*** Opening of Available data ***

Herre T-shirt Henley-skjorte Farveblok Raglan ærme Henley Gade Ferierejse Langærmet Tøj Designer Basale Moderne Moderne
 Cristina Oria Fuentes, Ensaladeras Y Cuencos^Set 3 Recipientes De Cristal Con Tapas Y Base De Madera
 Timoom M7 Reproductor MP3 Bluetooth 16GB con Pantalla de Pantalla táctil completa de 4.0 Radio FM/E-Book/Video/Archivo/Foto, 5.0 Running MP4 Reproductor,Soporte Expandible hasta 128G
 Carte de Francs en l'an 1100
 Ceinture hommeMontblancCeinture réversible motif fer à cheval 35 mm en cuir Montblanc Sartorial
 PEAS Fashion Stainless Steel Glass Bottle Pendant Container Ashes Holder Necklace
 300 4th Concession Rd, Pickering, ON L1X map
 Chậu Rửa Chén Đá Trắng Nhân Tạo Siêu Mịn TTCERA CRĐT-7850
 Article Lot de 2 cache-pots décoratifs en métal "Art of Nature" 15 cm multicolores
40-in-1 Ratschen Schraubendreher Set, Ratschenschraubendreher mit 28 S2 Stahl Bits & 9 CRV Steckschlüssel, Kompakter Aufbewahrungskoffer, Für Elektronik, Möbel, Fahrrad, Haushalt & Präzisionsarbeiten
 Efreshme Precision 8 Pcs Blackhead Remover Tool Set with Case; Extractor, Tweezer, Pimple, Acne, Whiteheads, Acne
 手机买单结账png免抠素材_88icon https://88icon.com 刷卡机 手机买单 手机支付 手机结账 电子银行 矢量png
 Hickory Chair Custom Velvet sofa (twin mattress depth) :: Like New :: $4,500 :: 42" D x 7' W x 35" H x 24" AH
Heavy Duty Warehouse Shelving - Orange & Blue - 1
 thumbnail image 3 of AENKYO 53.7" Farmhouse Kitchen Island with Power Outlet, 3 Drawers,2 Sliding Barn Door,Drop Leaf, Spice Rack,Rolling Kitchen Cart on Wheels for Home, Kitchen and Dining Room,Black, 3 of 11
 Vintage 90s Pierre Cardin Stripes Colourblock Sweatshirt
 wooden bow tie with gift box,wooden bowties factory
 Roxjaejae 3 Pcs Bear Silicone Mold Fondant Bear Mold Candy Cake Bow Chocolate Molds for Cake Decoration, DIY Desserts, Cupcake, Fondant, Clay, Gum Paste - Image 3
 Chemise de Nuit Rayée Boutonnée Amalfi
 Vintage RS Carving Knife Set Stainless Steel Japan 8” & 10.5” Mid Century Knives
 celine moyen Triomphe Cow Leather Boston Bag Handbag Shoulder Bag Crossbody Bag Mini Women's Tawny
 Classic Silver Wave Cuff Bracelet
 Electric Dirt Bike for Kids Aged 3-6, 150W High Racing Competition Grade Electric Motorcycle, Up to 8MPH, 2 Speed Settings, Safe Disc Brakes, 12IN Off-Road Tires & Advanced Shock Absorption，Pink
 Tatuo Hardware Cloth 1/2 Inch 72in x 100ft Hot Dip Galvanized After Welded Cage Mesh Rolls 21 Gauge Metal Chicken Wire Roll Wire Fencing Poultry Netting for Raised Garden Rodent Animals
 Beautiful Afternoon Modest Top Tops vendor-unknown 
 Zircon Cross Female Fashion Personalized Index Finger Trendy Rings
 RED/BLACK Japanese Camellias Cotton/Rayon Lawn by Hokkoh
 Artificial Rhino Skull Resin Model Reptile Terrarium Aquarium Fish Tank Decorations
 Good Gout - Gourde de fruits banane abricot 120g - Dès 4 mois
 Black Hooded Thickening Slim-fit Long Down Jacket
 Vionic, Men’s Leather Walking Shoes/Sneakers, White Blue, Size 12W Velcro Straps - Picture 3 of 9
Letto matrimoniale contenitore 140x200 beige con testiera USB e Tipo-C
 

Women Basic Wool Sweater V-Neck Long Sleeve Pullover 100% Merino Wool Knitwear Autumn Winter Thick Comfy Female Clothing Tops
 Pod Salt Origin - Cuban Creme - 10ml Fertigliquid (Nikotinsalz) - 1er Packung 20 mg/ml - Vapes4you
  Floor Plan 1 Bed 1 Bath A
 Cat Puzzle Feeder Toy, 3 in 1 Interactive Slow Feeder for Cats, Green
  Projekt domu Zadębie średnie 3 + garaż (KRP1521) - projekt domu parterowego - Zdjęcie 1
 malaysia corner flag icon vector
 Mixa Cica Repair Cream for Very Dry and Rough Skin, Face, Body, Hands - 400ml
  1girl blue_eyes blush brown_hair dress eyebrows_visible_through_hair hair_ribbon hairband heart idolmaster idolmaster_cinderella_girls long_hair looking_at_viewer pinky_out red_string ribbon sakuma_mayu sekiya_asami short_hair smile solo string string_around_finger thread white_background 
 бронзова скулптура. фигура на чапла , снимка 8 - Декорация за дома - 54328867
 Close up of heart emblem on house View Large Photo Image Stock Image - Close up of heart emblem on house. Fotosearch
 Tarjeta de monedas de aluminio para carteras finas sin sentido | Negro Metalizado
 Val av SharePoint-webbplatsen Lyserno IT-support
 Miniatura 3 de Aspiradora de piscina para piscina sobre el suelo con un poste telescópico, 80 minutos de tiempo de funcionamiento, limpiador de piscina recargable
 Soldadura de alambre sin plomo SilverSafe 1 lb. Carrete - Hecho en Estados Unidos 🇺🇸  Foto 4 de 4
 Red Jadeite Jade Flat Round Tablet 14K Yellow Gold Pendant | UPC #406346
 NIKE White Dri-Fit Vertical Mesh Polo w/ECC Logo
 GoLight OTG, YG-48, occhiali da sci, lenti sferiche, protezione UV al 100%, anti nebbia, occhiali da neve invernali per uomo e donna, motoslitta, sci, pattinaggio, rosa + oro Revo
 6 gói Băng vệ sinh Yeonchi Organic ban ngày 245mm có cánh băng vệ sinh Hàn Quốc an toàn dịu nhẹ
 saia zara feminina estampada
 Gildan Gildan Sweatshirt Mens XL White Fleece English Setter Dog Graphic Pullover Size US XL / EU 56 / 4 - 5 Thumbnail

*** Close of Available data ***

Task to carry out: Return all of the lines above exactly, with none omitted.

Response area:
Herre T-shirt Henley-skjorte Farveblok Raglan ærme Henley Gade Ferierejse Langærmet Tøj Designer Basale Moderne Moderne
 Cristina Oria Fuentes, Ensaladeras Y Cuencos^Set 3 Recipientes De Cristal Con Tapas Y Base De Madera
 Timoom M7 Reproductor MP3 Bluetooth 16GB con Pantalla de Pantalla táctil completa de 4.0 Radio FM/E-Book/Video/Archivo/Foto, 5.0 Running MP4 Reproductor,Soporte Expandible hasta 128G
 Carte de Francs en l'an 1100
 Ceinture hommeMontblancCeinture réversible motif fer à cheval 35 mm en cuir Montblanc Sartorial
 PEAS Fashion Stainless Steel Glass Bottle Pendant Container Ashes Holder Necklace
 300 4th Concession Rd, Pickering, ON L1X map
 Chậu Rửa Chén Đá Trắng Nhân Tạo Siêu Mịn TTCERA CRĐT-7850
 Article Lot de 2 cache-pots décoratifs en métal "Art of Nature" 15 cm multicolores
40-in-1 Ratschen Schraubendreher Set, Ratschenschraubendreher mit 28 S2 Stahl Bits & 9 CRV Steckschlüssel, Kompakter Aufbewahrungskoffer, Für Elektronik, Möbel, Fahrrad, Haushalt & Präzisionsarbeiten
 Efreshme Precision 8 Pcs Blackhead Remover Tool Set with Case; Extractor, Tweezer, Pimple, Acne, Whiteheads, Acne
 手机买单结账png免抠素材_88icon https://88icon.com 刷卡机 手机买单 手机支付 手机结账 电子银行 矢量png
 Hickory Chair Custom Velvet sofa (twin mattress depth) :: Like New :: $4,500 :: 42" D x 7' W x 35" H x 24" AH
Heavy Duty Warehouse Shelving - Orange & Blue - 1
 thumbnail image 3 of AENKYO 53.7" Farmhouse Kitchen Island with Power Outlet, 3 Drawers,2 Sliding Barn Door,Drop Leaf, Spice Rack,Rolling Kitchen Cart on Wheels for Home, Kitchen and Dining Room,Black, 3 of 11
 Vintage 90s Pierre Cardin Stripes Colourblock Sweatshirt
 wooden bow tie with gift box,wooden bowties factory
 Roxjaejae 3 Pcs Bear Silicone Mold Fondant Bear Mold Candy Cake Bow Chocolate Molds for Cake Decoration, DIY Desserts, Cupcake, Fondant, Clay, Gum Paste - Image 3
 Chemise de Nuit Rayée Boutonnée Amalfi
 Vintage RS Carving Knife Set Stainless Steel Japan 8” & 10.5” Mid Century Knives
 celine moyen Triomphe Cow Leather Boston Bag Handbag Shoulder Bag Crossbody Bag Mini Women's Tawny
 Classic Silver Wave Cuff Bracelet
 Electric Dirt Bike for Kids Aged 3-6, 150W High Racing Competition Grade Electric Motorcycle, Up to 8MPH, 2 Speed Settings, Safe Disc Brakes, 12IN Off-Road Tires & Advanced Shock Absorption，Pink
 Tatuo Hardware Cloth 1/2 Inch 72in x 100ft Hot Dip Galvanized After Welded Cage Mesh Rolls 21 Gauge Metal Chicken Wire Roll Wire Fencing Poultry Netting for Raised Garden Rodent Animals
 Beautiful Afternoon Modest Top Tops vendor-unknown 
 Zircon Cross Female Fashion Personalized Index Finger Trendy Rings
 RED/BLACK Japanese Camellias Cotton/Rayon Lawn by Hokkoh
 Artificial Rhino Skull Resin Model Reptile Terrarium Aquarium Fish Tank Decorations
 Good Gout - Gourde de fruits banane abricot 120g - Dès 4 mois
 Black Hooded Thickening Slim-fit Long Down Jacket
 Vionic, Men’s Leather Walking Shoes/Sneakers, White Blue, Size 12W Velcro Straps - Picture 3 of 9
Letto matrimoniale contenitore 140x200 beige con testiera USB e Tipo-C
 

Women Basic Wool Sweater V-Neck Long Sleeve Pullover 100% Merino Wool Knitwear Autumn Winter Thick Comfy Female Clothing Tops
 Pod Salt Origin - Cuban Creme - 10ml Fertigliquid (Nikotinsalz) - 1er Packung 20 mg/ml - Vapes4you
  Floor Plan 1 Bed 1 Bath A
 Cat Puzzle Feeder Toy, 3 in 1 Interactive Slow Feeder for Cats, Green
  Projekt domu Zadębie średnie 3 + garaż (KRP1521) - projekt domu parterowego - Zdjęcie 1
 malaysia corner flag icon vector
 Mixa Cica Repair Cream for Very Dry and Rough Skin, Face, Body, Hands - 400ml
  1girl blue_eyes blush brown_hair dress eyebrows_visible_through_hair hair_ribbon hairband heart idolmaster idolmaster_cinderella_girls long_hair looking_at_viewer pinky_out red_string ribbon sakuma_mayu sekiya_asami short_hair smile solo string string_around_finger thread white_background 
 бронзова скулптура. фигура на чапла , снимка 8 - Декорация за дома - 54328867
 Close up of heart emblem on house View Large Photo Image Stock Image - Close up of heart emblem on house. Fotosearch
 Tarjeta de monedas de aluminio para carteras finas sin sentido | Negro Metalizado
 Val av SharePoint-webbplatsen Lyserno IT-support
 Miniatura 3 de Aspiradora de piscina para piscina sobre el suelo con un poste telescópico, 80 minutos de tiempo de funcionamiento, limpiador de piscina recargable
 Soldadura de alambre sin plomo SilverSafe 1 lb. Carrete - Hecho en Estados Unidos 🇺🇸  Foto 4 de 4
 Red Jadeite Jade Flat Round Tablet 14K Yellow Gold Pendant | UPC #406346
 NIKE White Dri-Fit Vertical Mesh Polo w/ECC Logo
 GoLight OTG, YG-48, occhiali da sci, lenti sferiche, protezione UV al 100%, anti nebbia, occhiali da neve invernali per uomo e donna, motoslitta, sci, pattinaggio, rosa + oro Revo
 6 gói Băng vệ sinh Yeonchi Organic ban ngày 245mm có cánh băng vệ sinh Hàn Quốc an toàn dịu nhẹ
 saia zara feminina estampada
 Gildan Gildan Sweatshirt Mens XL White Fleece English Setter Dog Graphic Pullover Size US XL / EU 56 / 4 - 5 Thumbnail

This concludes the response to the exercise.